That's, uh, not much of a game though, is it? 

The goal with heeling games is not to teach your dog to heel, or at least not directly. I'm assuming that if you're in this thread looking at heeling games, you _know_ how to teach a basic left-side heel and your dog knows how to do that too.

The goal is to make heeling really _really_ fun, such that your dog LOVES to heel. The purpose of heeling games is to encourage the dog to find the activity intrinsically rewarding (important during competition, when you have access to neither external rewards nor corrections!) and to present a sparkling, happy, precise picture in the ring.

Heeling can be either the most boring or the most fun thing a dog does in the ring (well, _one_ of them anyway, depending on what sort of ring you're in!). If you teach it right, with lots of games, you get the latter result. That's what I'm after, and straight slow lines on a shortened leash won't get me there.


----------



## Merciel (Apr 25, 2013)

So I've been playing around with opposition reflex games for about a week now, and while I'm still very much developing my own skill and fluency in the technique, our early results are promising for Pongu and... not so much with Crookytail.

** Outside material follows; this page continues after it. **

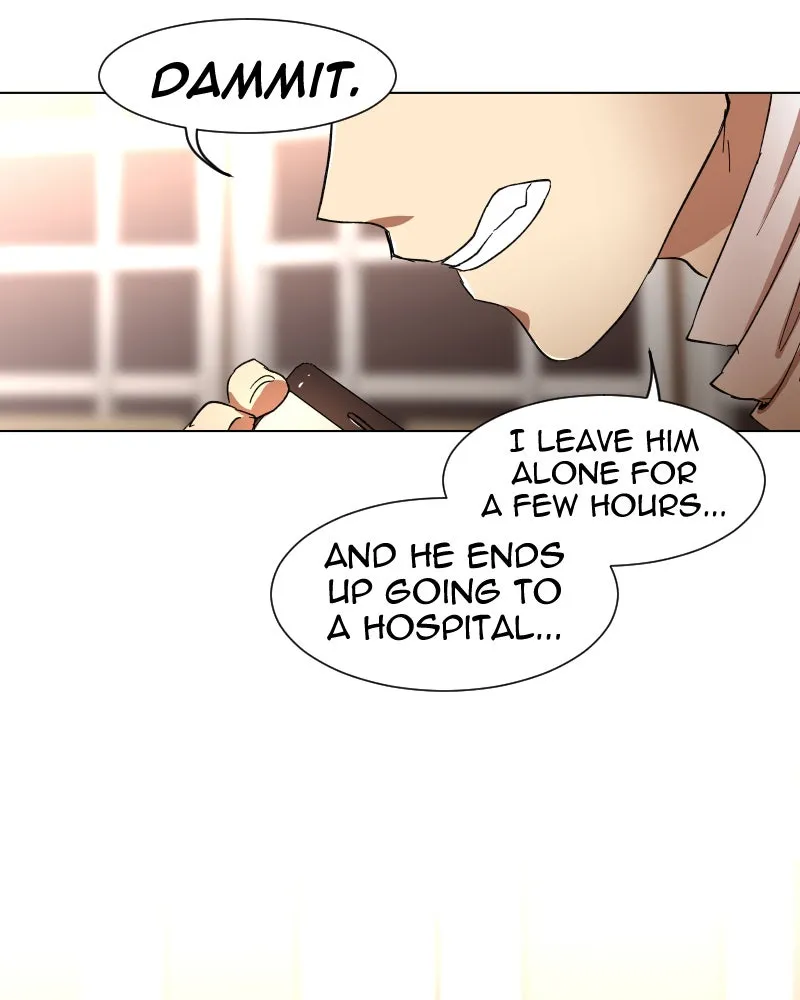I Love Yoo Chapter 7 page 81 -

Mainly what I've been doing is giving the dog a very light push squarely in the middle of his chest with the flat of my palm, simultaneously making a noise that sounds vaguely like "BOOP!" (it's not a word, it really is just a nonsense sound), and running away goofily. Sometimes the dog is in motion when I do this, other times I'll ask for a Sit or Stand first. When the dog catches up with me, there is a burst of celebratory praise and then we go right back into Heeling.

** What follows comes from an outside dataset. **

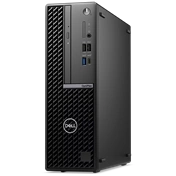 Dell OptiPlex 7020 SFF Intel Core i5-14500 8GB DDR5 512GB SSD Windows 11 Pro számítógép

Pongu _loves_ the game, bounces up happily in response, and gives chase with an energy that carries over to the next several minutes of heelwork after we stop. I don't think it will take much to develop this into a usable reward for him.

Crookytail seems much more confused and ambivalent about it. He generally responds by stopping in his tracks and looking to me for additional cues about what he's supposed to do next. Based on his response to the game, I think he's interpreting it as a "no, you're wrong, do something else" signal. If I give him more than one push in a session, he tends to shut down.

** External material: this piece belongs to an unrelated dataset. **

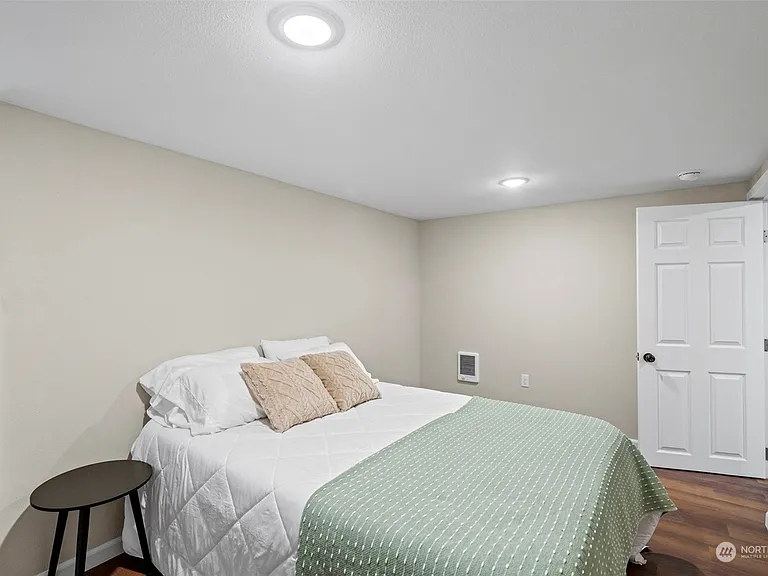 5436 S K St #C — Photo 12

Crooky has a much weaker reinforcement history of toy-less play with me -- since I quit doing competition work with him, I haven't spent much time building up the value of direct play with Crooky because, well, I just don't _need_ it for anything -- and so that is probably contributing to his confusion. In general, he shuts down whenever he isn't sure what to do next (which is one of the reasons I quit working with him, because he is a slow-learning dog, and a slow-learning dog who shuts down when he gets confused is a dog that I find frustrating to train).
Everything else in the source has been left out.